7. Funeral Arrangements

Let’s face it. The ‘When should I do a will?’ question will probably be followed by, ‘Can I include my funeral arrangements in my will?’ Well, the answer is a resounding yes. Your will and funeral typically go hand in hand. So, include a clause in your will that speaks of your funeral wishes. Also, a detailed plan discussing cremation or your burial preference lessens the load. It helps avoid unnecessary conflicts among your loved ones.

When a loved one passes, the situation is extremely emotional. Dealing with grief alongside funeral arrangements is overwhelming. Therefore, including the funeral arrangements as part and parcel of your legal document will be prudent.

As per the law, your funeral arrangements become the responsibility of executors, which might ease the burden on your loved ones. Even so, in the presence of executors or not, your family members or your closest friends will naturally prepare your funeral arrangements. However, planning becomes straightforward with a detailed plan on how everything must be done.

8. Consider Unforeseen Problems

It’s known that even the best plans are susceptible to unforeseen challenges. Therefore, when thinking about “When should I do a will,” consider what challenges you may encounter. Also, ponder on possible solutions. Assume your beneficiary passes on before getting their inheritance. To prepare for such unforeseen problems, you must state who their share will pass on to.

Your attorney’s fees can also be a creeping problem. For this reason, the best way to manage legal fees is to handle them while still alive. Failure to do this may likely result in increased fees, especially due to family legal battles over your possessions.

9. Changes in Circumstances

Are there any significant changes in circumstances that may alter the terms and conditions of a will? Before you decide “When should I do a will?” ponder on unforeseeable changes. You must build flexibility. Use a trust to provide protection and flexibility. For instance, marriage or remarrying automatically revokes your will unless it states contrary intentions. However, a divorce may not cancel your will but may alter the terms and conditions.

10. Storing the Will

Your last consideration when preparing your will is the storage. When you go through a solicitor or hire a will writing service, they may offer you storage services for an additional fee or sometimes free.

However, there are independent will storage companies and Probate services that can safely store your will. Also, you may safely keep it in the bank or entrust it with the executor of your choice. Regardless of your storage choice, always ensure your executor knows exactly where your will is kept.

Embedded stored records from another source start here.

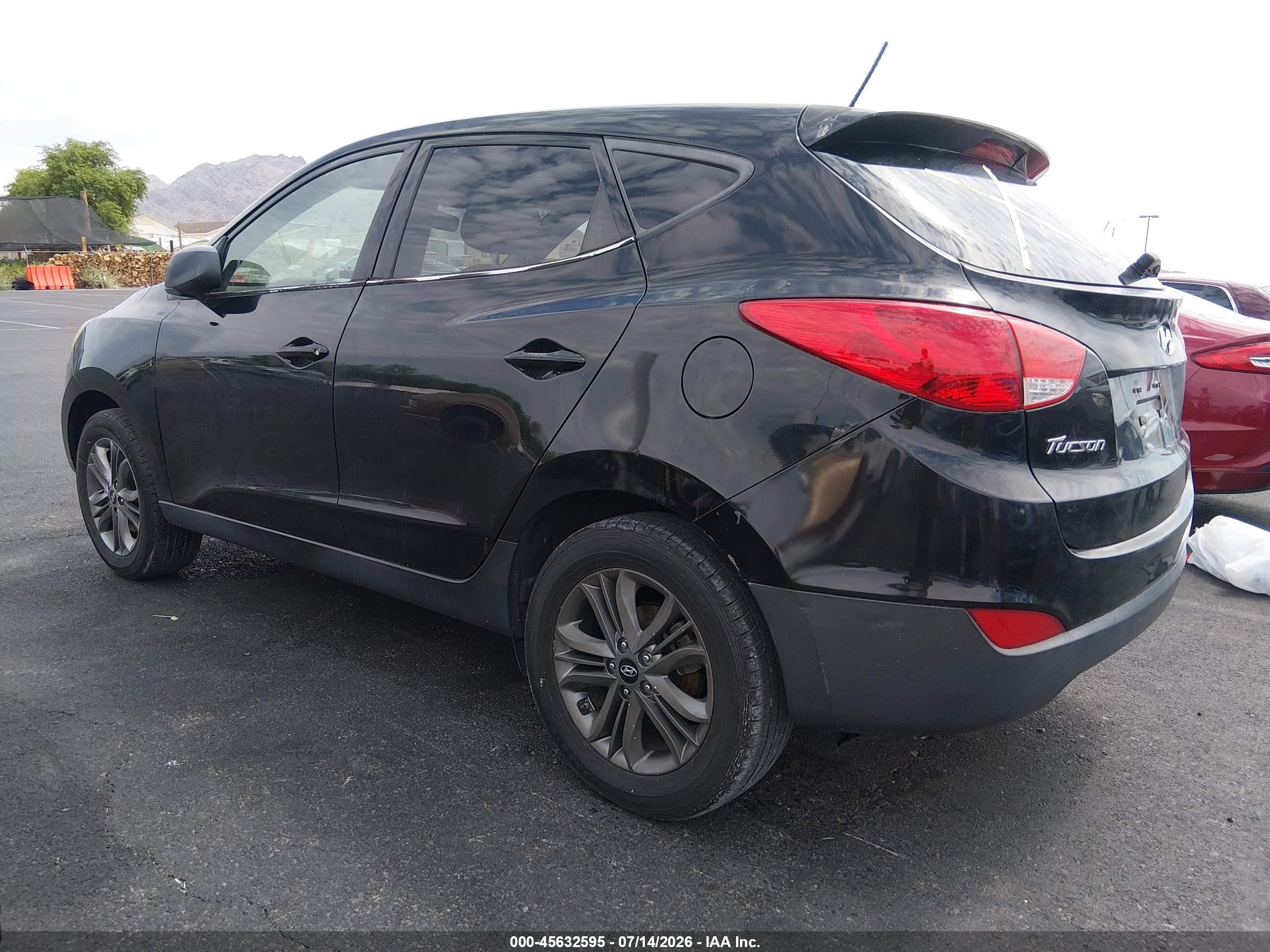 2014 Hyundai Tucson Gls Black vin: KM8JT3AF0EU867880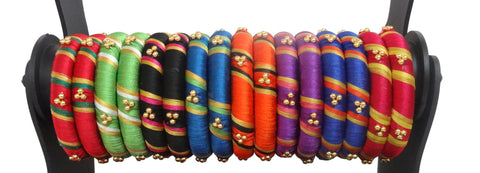 silk thread Single Bangle Collections 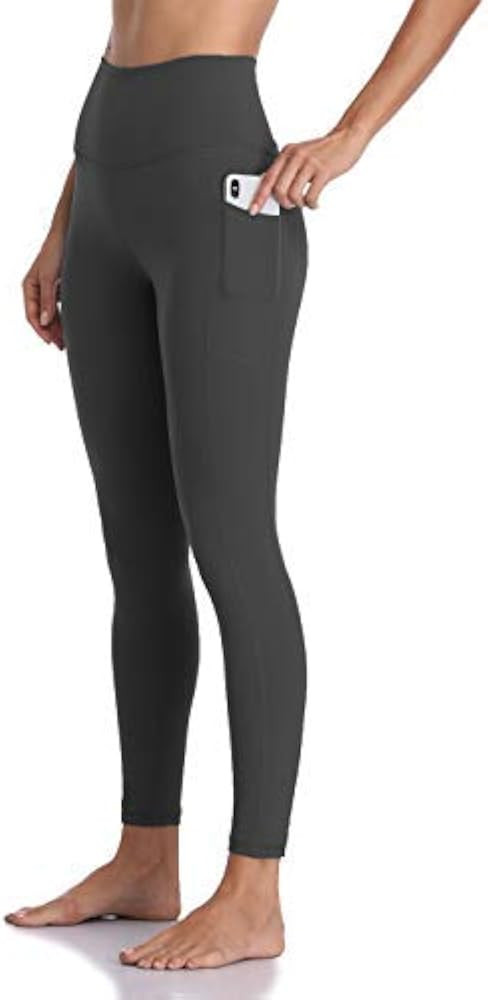 Colorfulkoala Women's High Waisted Yoga Pants 7/8 Length Leggings with Pockets | Amazon (US)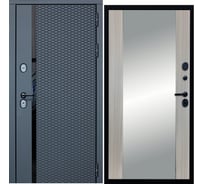 Дверь DIVA МХ-47 зеркало, 2050x960 мм, правая, Антрацит софт - Д15, Сандал белый УТ-00077827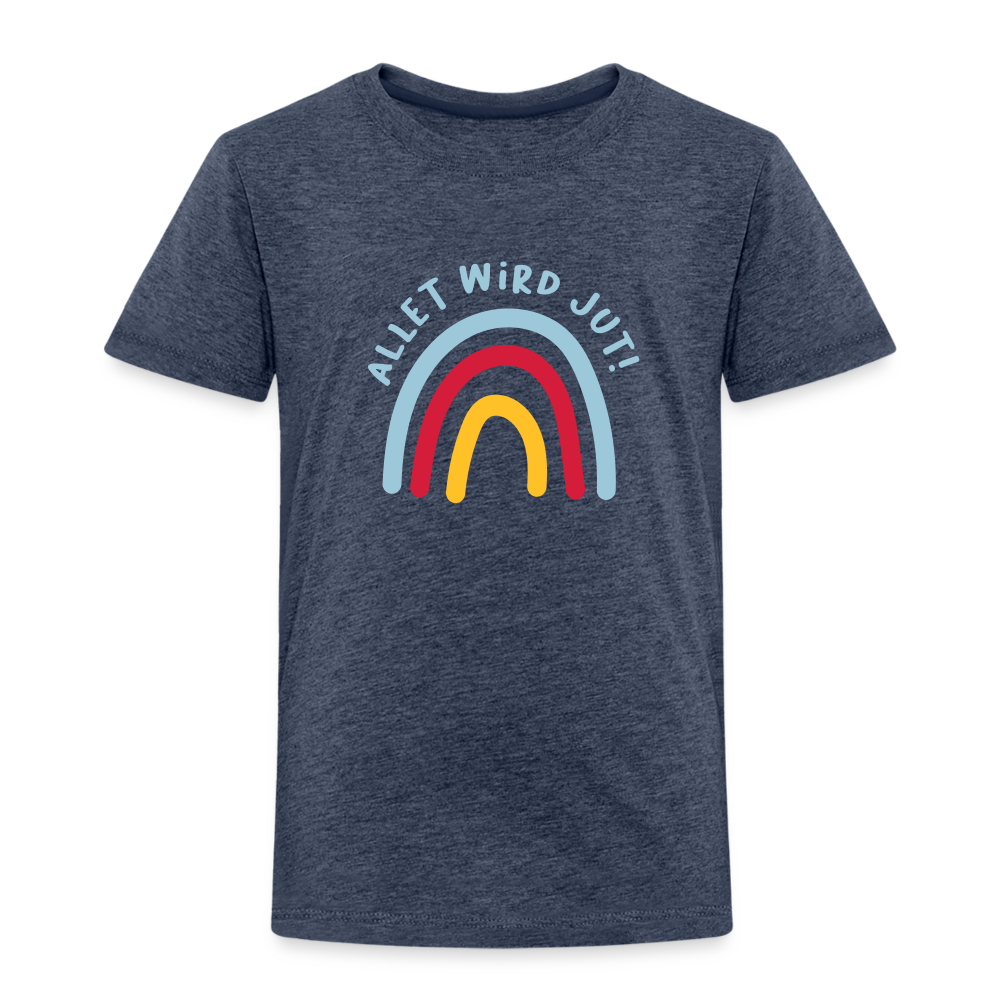 Allet wird jut! - Kinder Premium T-Shirt - heather blue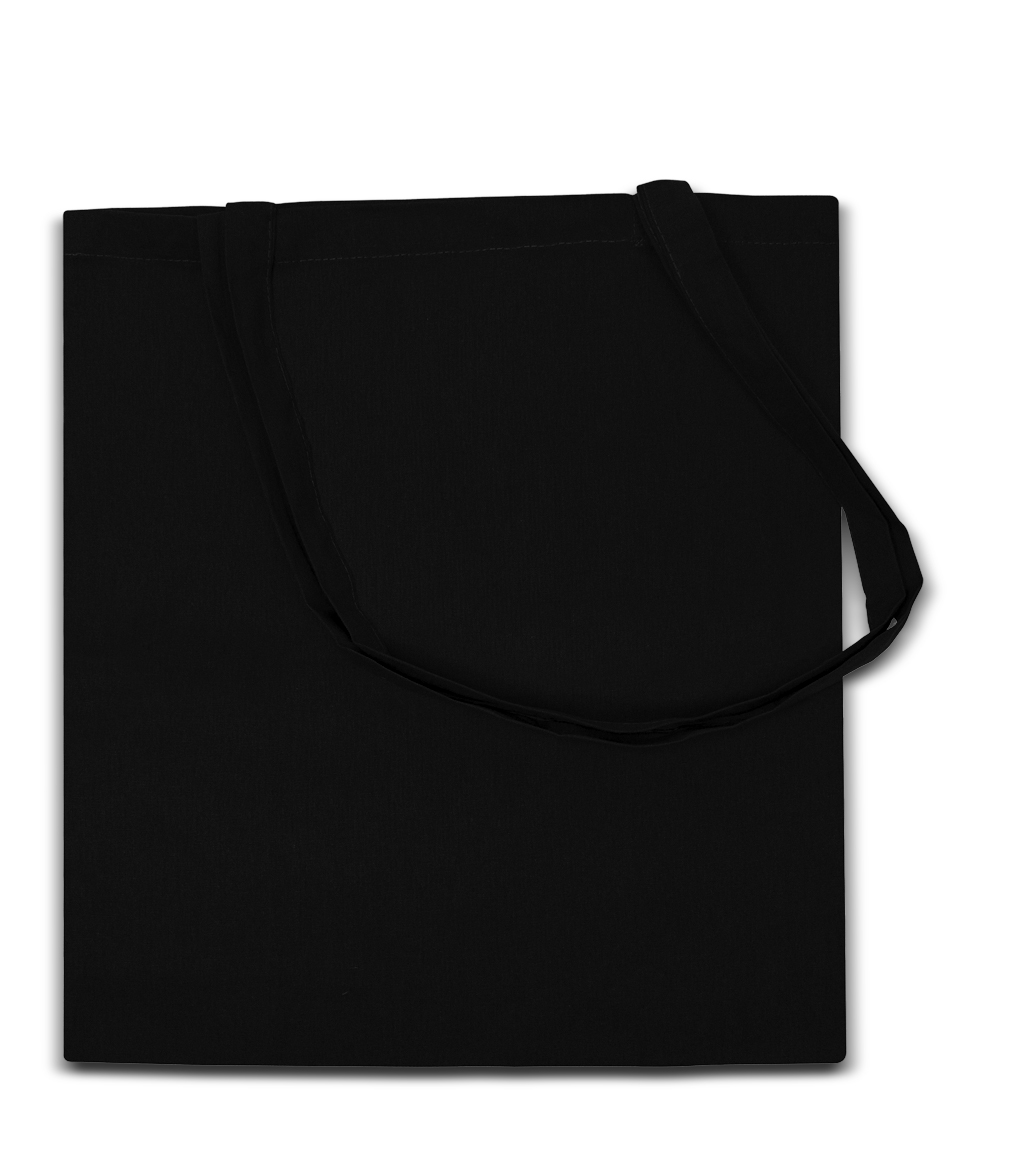 Einkaufstasche faltbar (L x B: 60 x 40 cm, Polyester, Schwarz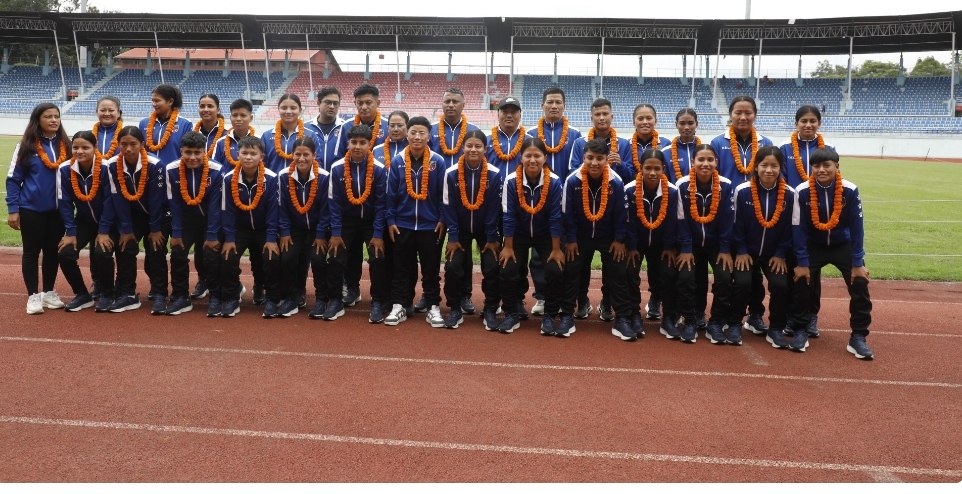 एएफसी यू–२० महिला एसियन कप छनोट खेल्न जाने नेपाली टोलीलाई विदाई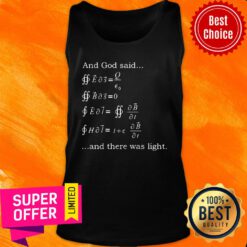 And God Said And There Was Light Tank Top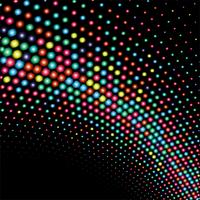 Abstract shiny colorful dots wave background vector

More importantly, you should store your will with trustworthy entities. Avoid keeping your will in cabinets, a safe deposit box, or with an executor. If you must, keep it in a home safe. However, the best decision is to file it with a probate court or your attorney.

Is the thought of “When should I do a Will?” Constantly flashing in your head? Developing a plan for what happens after you pass on is vital. To plan efficiently, you must consider essentials such as listing your assets, choosing the right executor, taxes, and solving potential family conflicts.